:: Records ::
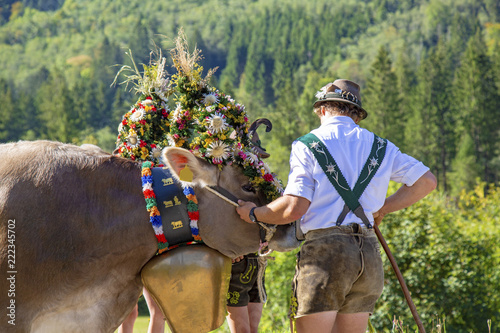 Fotomural Kranzkuh - Allgäu - Viehscheid - Original - Tracht - urig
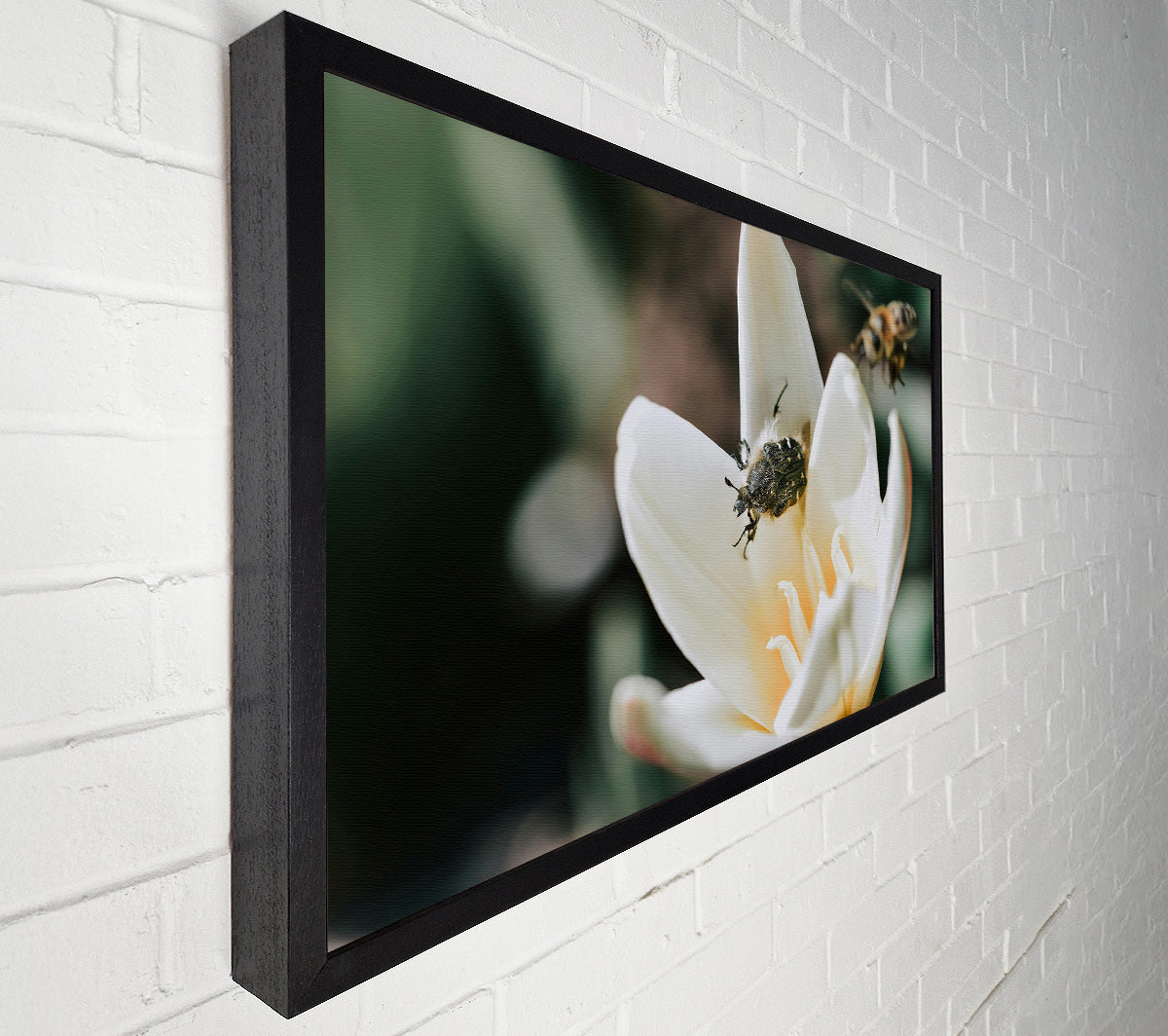 White Petal Visitor Canvas Wall Art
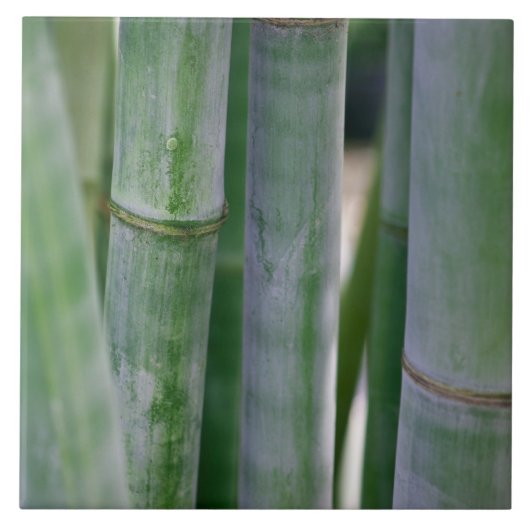 Natürlicher BambusZen-Hintergrund kundengebundene Fliese (Vorderseite)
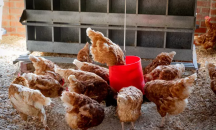 Новозеландец купи кокошка по интернет, пристигнаха хиляда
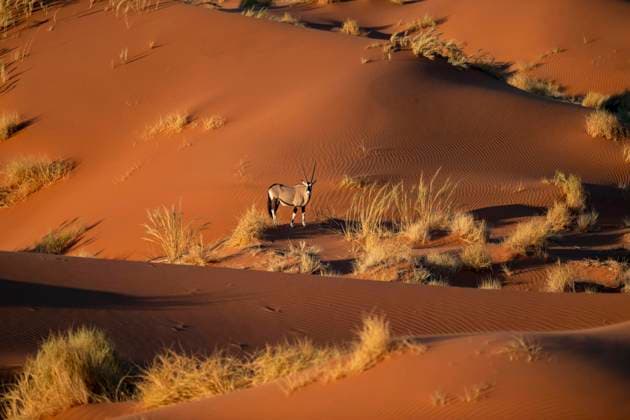 Creative Highlights World Oryxantilope steht auf einer roten Sanddüne, Spießbock (Oryx gazella) bei Sonnenuntergang, Namib Wüste, NamibRand Nature Reserve, Namibia, Afrika *** Oryx antelope is at a Red Sand dune, Spittoon Oryx Gazella at Sunset, Namib Desert, NamibRim Nature Reserve, Namibia, Africa Copyright: imageBROKER MaraxBrandl ibxmab09942978.jpg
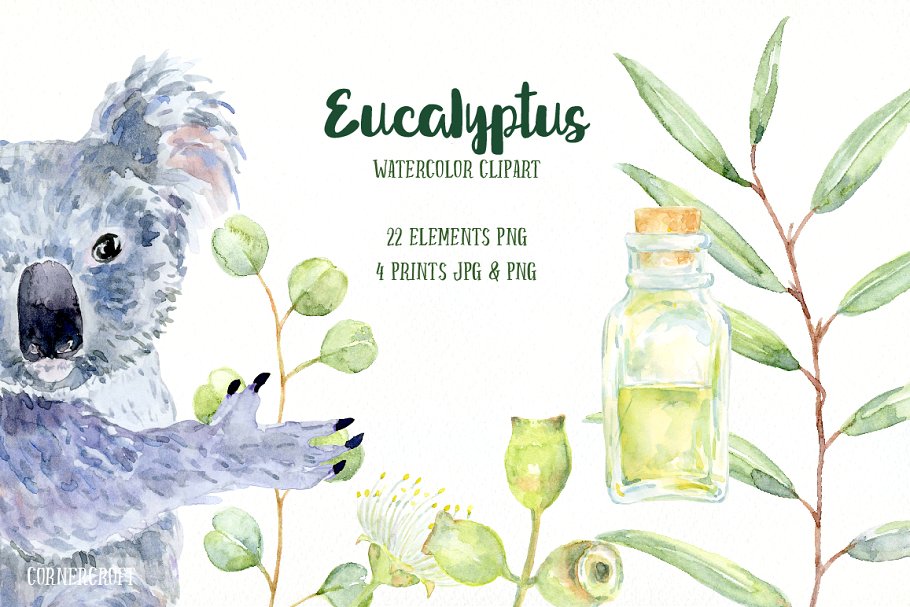 桉树与考拉水彩剪贴画 Watercolor Eucalyptus Koala Clip Art插图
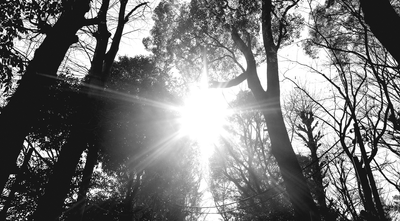 light1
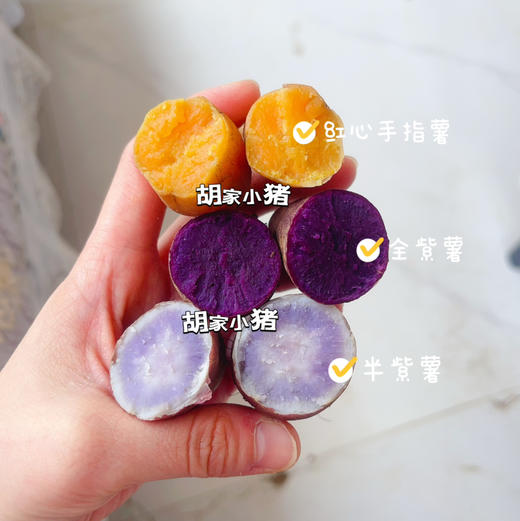 贵州·安顺·紫云·地理标识红心薯·紫薯（五斤/件全国包邮-除新疆西藏内蒙古甘肃宁夏） 商品图10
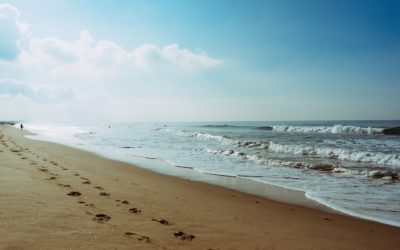 Férias no Rodízio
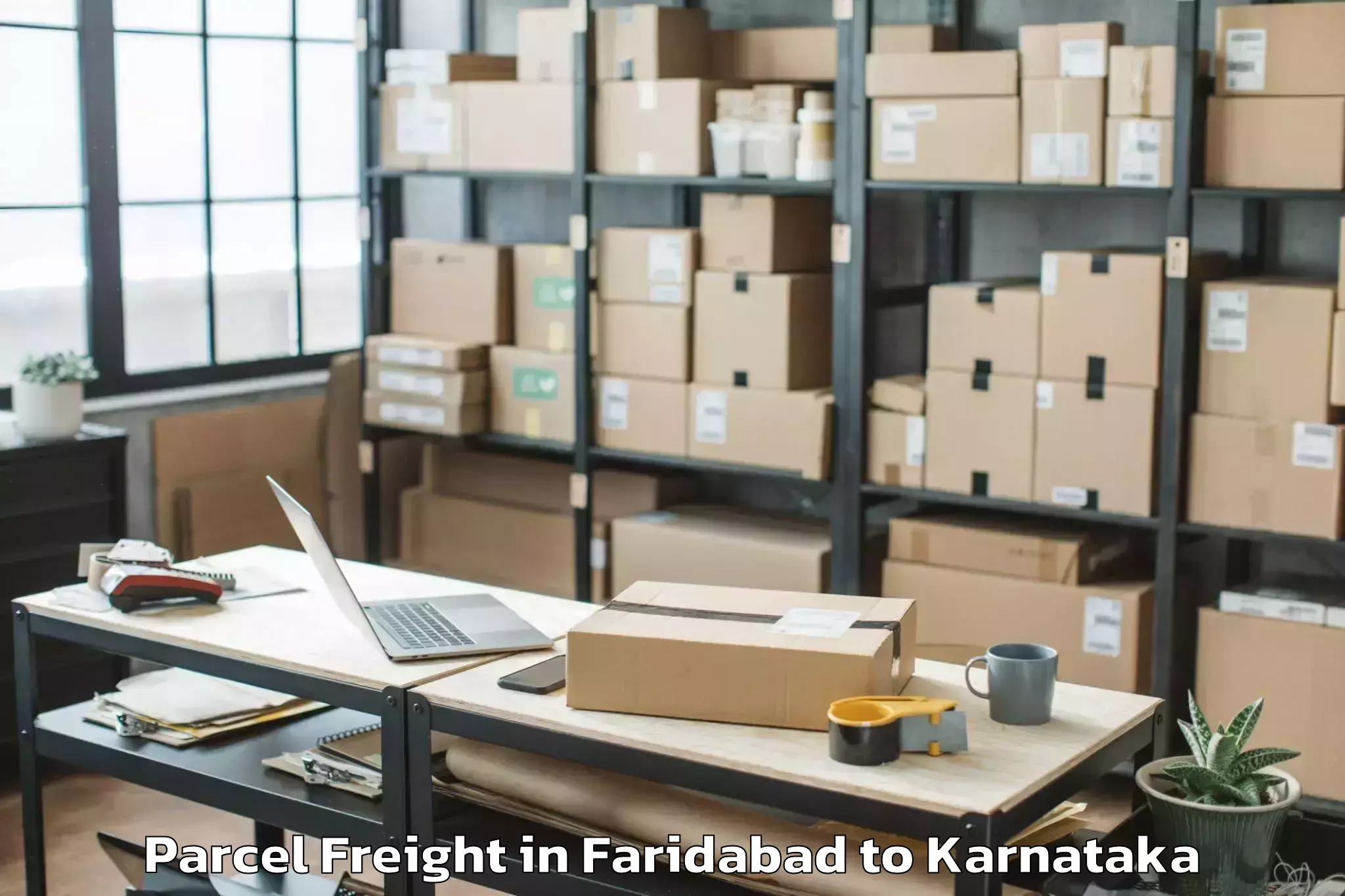 Leading Faridabad to Karnataka Janapada Vishwavidya Parcel Freight Provider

:: Work to complete ::
Word for word, write out the lines from the top of the records above down to the line holding "Новозеландец купи кокошка", inclusive, but not the pictures.

:: Answer to this task ::
 Fotomural Kranzkuh - Allgäu - Viehscheid - Original - Tracht - urig
 White Petal Visitor Canvas Wall Art
 Natürlicher BambusZen-Hintergrund kundengebundene Fliese (Vorderseite)
 Новозеландец купи кокошка по интернет, пристигнаха хиляда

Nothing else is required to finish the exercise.